● **WHAT THE TASK REQUIRES**: Return the data that follows exactly as it appears. Pictures do not belong in the copy.

● **INPUT DATA**:
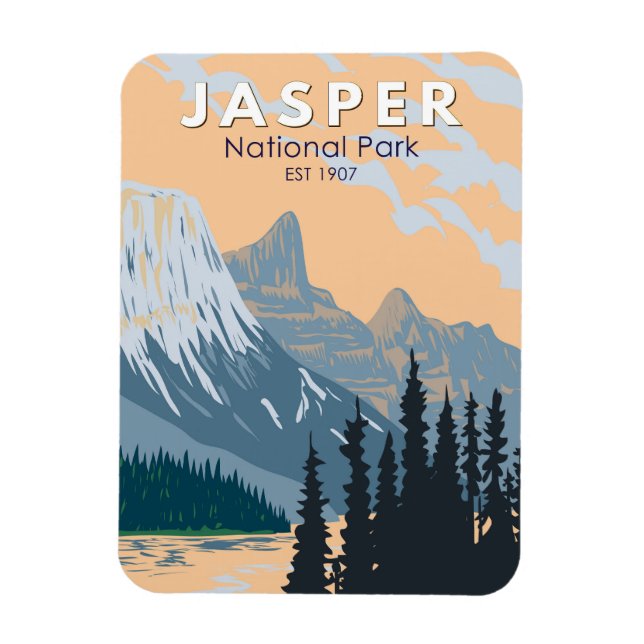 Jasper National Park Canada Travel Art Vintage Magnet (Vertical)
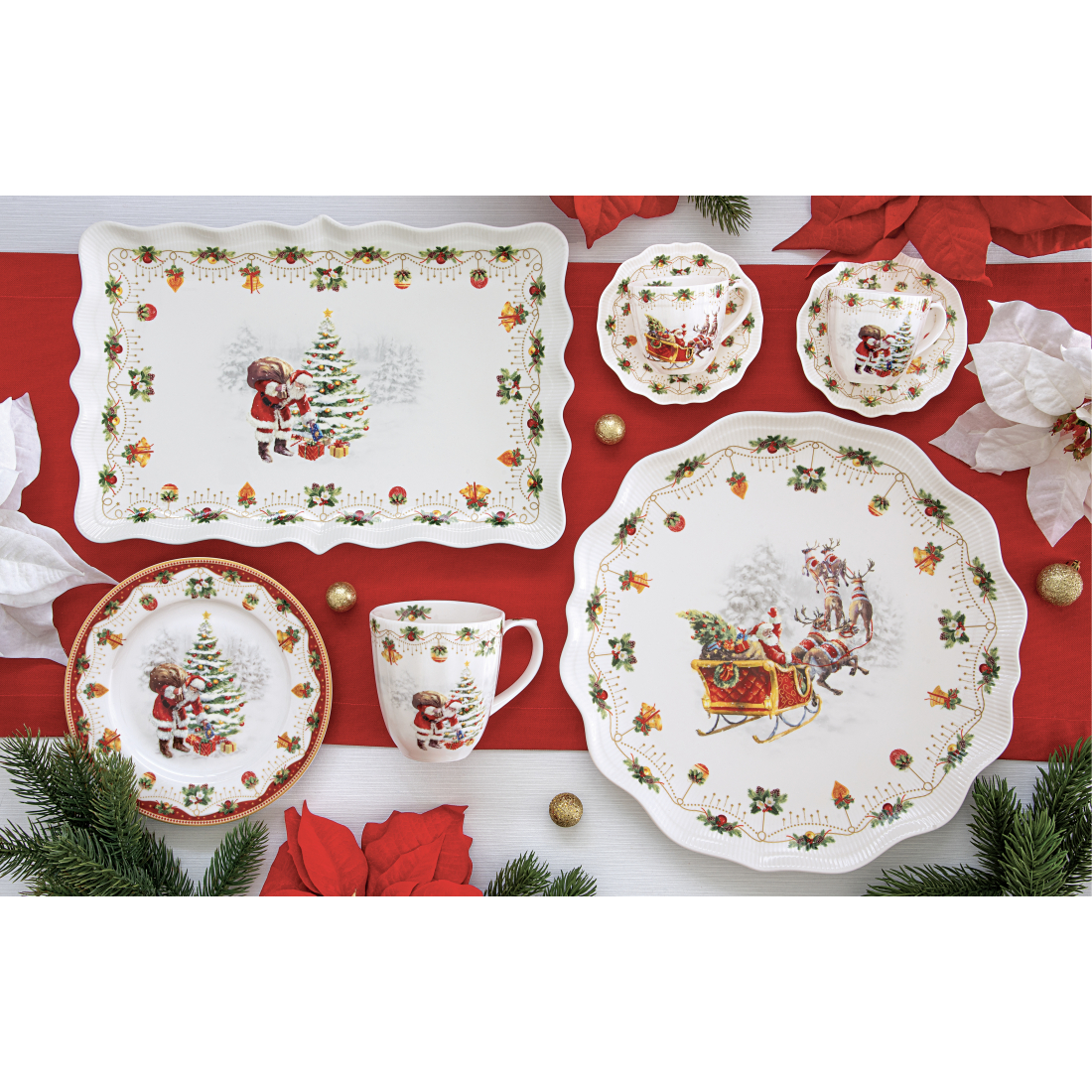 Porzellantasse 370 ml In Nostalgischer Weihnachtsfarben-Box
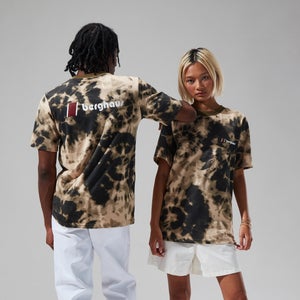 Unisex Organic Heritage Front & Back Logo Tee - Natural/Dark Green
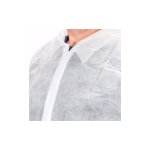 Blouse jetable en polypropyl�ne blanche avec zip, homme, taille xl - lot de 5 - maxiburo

● **YOUR SOLUTION**:
 Jasper National Park Canada Travel Art Vintage Magnet (Vertical)
 Porzellantasse 370 ml In Nostalgischer Weihnachtsfarben-Box
 Unisex Organic Heritage Front & Back Logo Tee - Natural/Dark Green
 Blouse jetable en polypropyl�ne blanche avec zip, homme, taille xl - lot de 5 - maxiburo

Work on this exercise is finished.